What’s hot on arXiv? Here are the most tweeted papers that were uploaded onto arXiv during December 2020.
Results are powered by Arxiv Sanity Preserver.
Hengshuang Zhao, Li Jiang, Jiaya Jia, Philip Torr, Vladlen Koltun
Submitted to arXiv on: 16 December 2020
Abstract: Self-attention networks have revolutionized natural language processing and are making impressive strides in image analysis tasks such as image classification and object detection. Inspired by this success, we investigate the application of self-attention networks to 3D point cloud processing. We design self-attention layers for point clouds and use these to construct self-attention networks for tasks such as semantic scene segmentation, object part segmentation, and object classification. Our Point Transformer design improves upon prior work across domains and tasks. For example, on the challenging S3DIS dataset for large-scale semantic scene segmentation, the Point Transformer attains an mIoU of 70.4% on Area 5, outperforming the strongest prior model by 3.3 absolute percentage points and crossing the 70% mIoU threshold for the first time.

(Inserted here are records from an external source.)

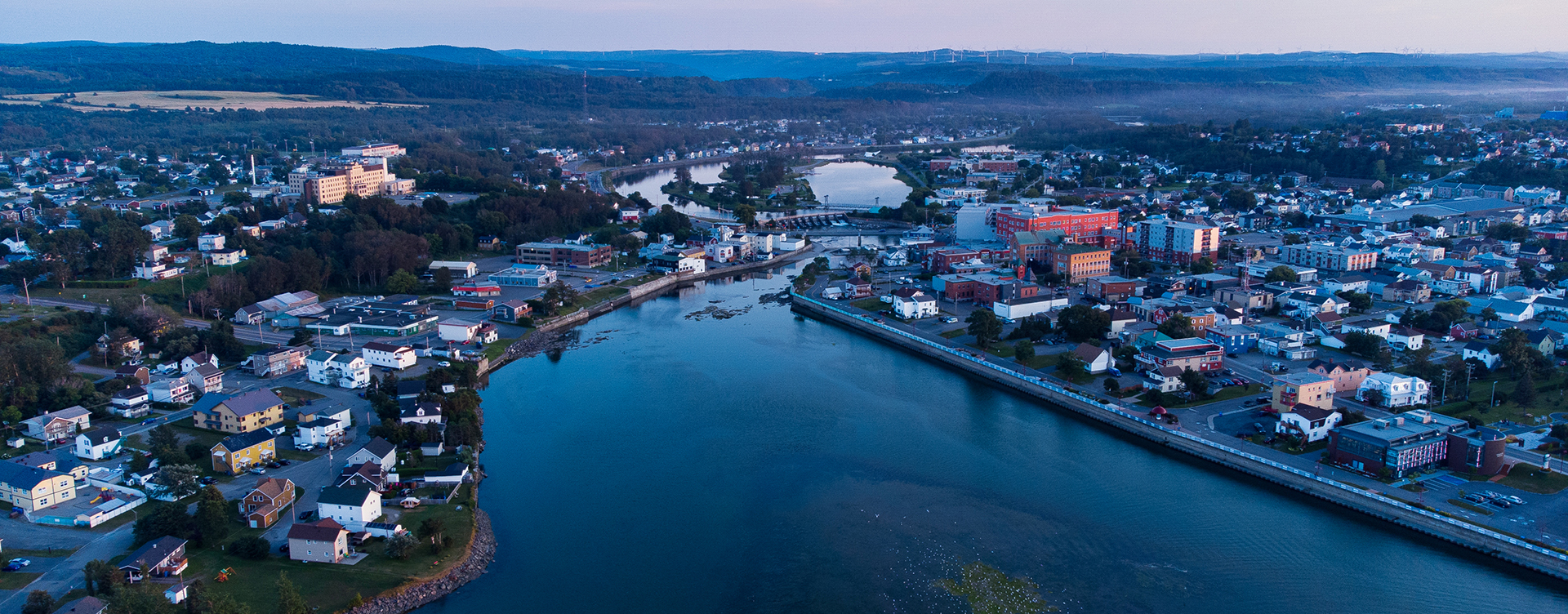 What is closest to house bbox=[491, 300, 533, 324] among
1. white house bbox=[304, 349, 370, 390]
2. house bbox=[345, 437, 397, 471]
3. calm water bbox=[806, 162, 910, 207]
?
white house bbox=[304, 349, 370, 390]

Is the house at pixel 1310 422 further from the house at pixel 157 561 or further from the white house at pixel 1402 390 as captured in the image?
the house at pixel 157 561

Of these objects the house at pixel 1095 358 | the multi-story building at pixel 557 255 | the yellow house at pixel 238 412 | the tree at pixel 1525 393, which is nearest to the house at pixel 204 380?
the yellow house at pixel 238 412

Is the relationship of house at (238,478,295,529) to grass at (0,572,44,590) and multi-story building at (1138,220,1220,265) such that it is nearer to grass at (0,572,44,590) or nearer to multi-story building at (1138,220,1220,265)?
grass at (0,572,44,590)

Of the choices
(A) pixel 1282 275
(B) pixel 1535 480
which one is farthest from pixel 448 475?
(A) pixel 1282 275

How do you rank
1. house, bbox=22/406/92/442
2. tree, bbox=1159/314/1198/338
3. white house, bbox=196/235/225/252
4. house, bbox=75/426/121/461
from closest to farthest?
house, bbox=75/426/121/461 < house, bbox=22/406/92/442 < tree, bbox=1159/314/1198/338 < white house, bbox=196/235/225/252

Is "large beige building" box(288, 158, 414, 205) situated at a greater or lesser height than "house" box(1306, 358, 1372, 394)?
greater

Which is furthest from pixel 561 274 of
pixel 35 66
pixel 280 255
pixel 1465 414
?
pixel 35 66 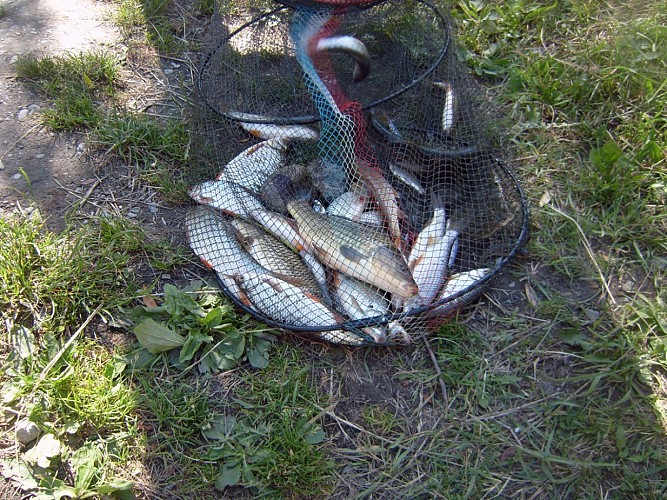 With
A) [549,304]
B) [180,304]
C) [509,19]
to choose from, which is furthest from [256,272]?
[509,19]

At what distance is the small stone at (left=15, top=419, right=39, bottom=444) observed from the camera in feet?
6.70

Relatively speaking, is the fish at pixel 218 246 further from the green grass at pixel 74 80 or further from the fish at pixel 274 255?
the green grass at pixel 74 80

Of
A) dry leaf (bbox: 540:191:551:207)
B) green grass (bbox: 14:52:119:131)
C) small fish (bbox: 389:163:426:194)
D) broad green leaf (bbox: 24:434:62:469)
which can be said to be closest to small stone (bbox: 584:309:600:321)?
dry leaf (bbox: 540:191:551:207)

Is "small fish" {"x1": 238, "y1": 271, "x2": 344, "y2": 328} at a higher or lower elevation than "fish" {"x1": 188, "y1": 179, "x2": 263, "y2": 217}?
lower

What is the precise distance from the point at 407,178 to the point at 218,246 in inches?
40.7

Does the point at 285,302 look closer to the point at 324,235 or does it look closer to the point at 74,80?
the point at 324,235

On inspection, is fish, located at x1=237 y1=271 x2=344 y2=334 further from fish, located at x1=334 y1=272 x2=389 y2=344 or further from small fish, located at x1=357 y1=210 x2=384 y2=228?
small fish, located at x1=357 y1=210 x2=384 y2=228

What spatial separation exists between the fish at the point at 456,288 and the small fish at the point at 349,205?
561 millimetres

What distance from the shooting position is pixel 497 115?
130 inches

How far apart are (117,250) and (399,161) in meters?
1.54

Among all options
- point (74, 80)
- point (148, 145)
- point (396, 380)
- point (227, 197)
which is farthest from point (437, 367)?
point (74, 80)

Neurosymbolic AI: The 3rd Wave
Artur d’Avila Garcez, Luis C. Lamb
Submitted to arXiv on: 10 December 2020
Abstract: Current advances in Artificial Intelligence (AI) and Machine Learning (ML) have achieved unprecedented impact across research communities and industry. Nevertheless, concerns about trust, safety, interpretability and accountability of AI were raised by influential thinkers. Many have identified the need for well-founded knowledge representation and reasoning to be integrated with deep learning and for sound explainability. Neural-symbolic computing has been an active area of research for many years seeking to bring together robust learning in neural networks with reasoning and explainability via symbolic representations for network models. In this paper, we relate recent and early research results in neurosymbolic AI with the objective of identifying the key ingredients of the next wave of AI systems. We focus on research that integrates in a principled way neural network-based learning with symbolic knowledge representation and logical reasoning. The insights provided by 20 years of neural-symbolic computing are shown to shed new light onto the increasingly prominent role of trust, safety, interpretability and accountability of AI. We also identify promising directions and challenges for the next decade of AI research from the perspective of neural-symbolic systems.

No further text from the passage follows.